Quant aux transfuges de l’ex-opposition à Ali Bongo Ondimba, il s’agit pour la majorité d’entre eux d’anciens « barons » de l’ex-parti unique qui étaient allés se recycler dans l’opposition en raison du traitement que leur avait réservé le successeur de son père dans le fauteuil présidentiel du Palais de marbre du bord de mer de Libreville, une fois parvenu au trône à la suite d’une dévolution monarchique. Hargneux, offensifs, combattifs, prêts à mourir pour revenir aux affaires, ils n’avaient que de la haine vis-à-vis du fils d’Omar Bongo Ondimba. Et le lui ont fait savoir de fortes et belles manières pendant quatorze (14) ans pour certains, sans fléchir.

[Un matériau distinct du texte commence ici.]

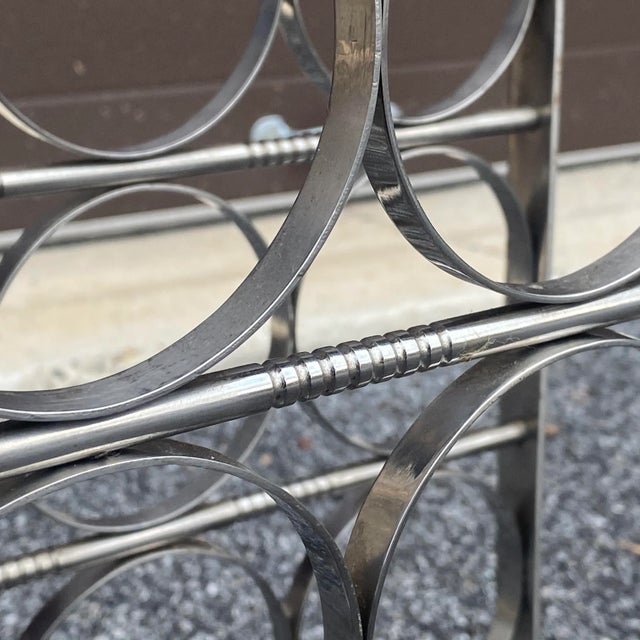 Mid-Century Modern Chrome Nine Bottle Tabletop Wine Rack For Sale - Image 10 of 13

Ils ne peuvent donc aujourd’hui que devenir des inconditionnels du CTRI qui les a sortis de cette opposition dans laquelle ils n’en pouvaient plus et ne tenaient plus. Et les voilà qui ont retrouvé leurs rentes et jouir des privilèges d’antan. Le CTRI a ainsi sonné la fin de leur opposition et ils sont prêts à tout lui concéder, même certaines choses qu’ils ne toléraient pas hier d’Ali Bongo Ondimba.
Les réseaux sociaux aidant, certains activistes ne sont, eux, entrés dans l’arène politique rien qu’en 2016, émus et mus par les dramatiques évènements survenus dans le pays cette année. Depuis l’extérieur, ils ont ouvert un front anti- Ali Bongo Ondimba qui a rendu célèbres certains d’entre eux. Lesquels ont été récompensés dès que le CTRI s’est emparé du pouvoir. Et les voilà qui cautionnent tout ce qu’ils reprochaient hier au pouvoir déchu.
Il n’y a donc plus, comme avant le 30 août 2023, une « majorité » et une « opposition » au sein du paysage politique gabonais. Cette caricature s’est effacée. Le vote de la nouvelle constitution vient de montrer qu’il existe désormais une frontière qui sépare d’un côté les partisans de l’autocratie, de la discrimination, de la xénophobie, d’un micro-nationalisme exacerbé et du repli identitaire ethnique ; et de l’autre côté des hommes et des femmes attachés à un certain nombre de valeurs, dont celles de la démocratie, de l’Etat de droit , du vivre-ensemble dans une nation où tous les citoyens ont les mêmes droits et devoirs, du sentiment d’appartenir d’abord à cette nation et non à une ethnie, de l’ouverture vers l’extérieur.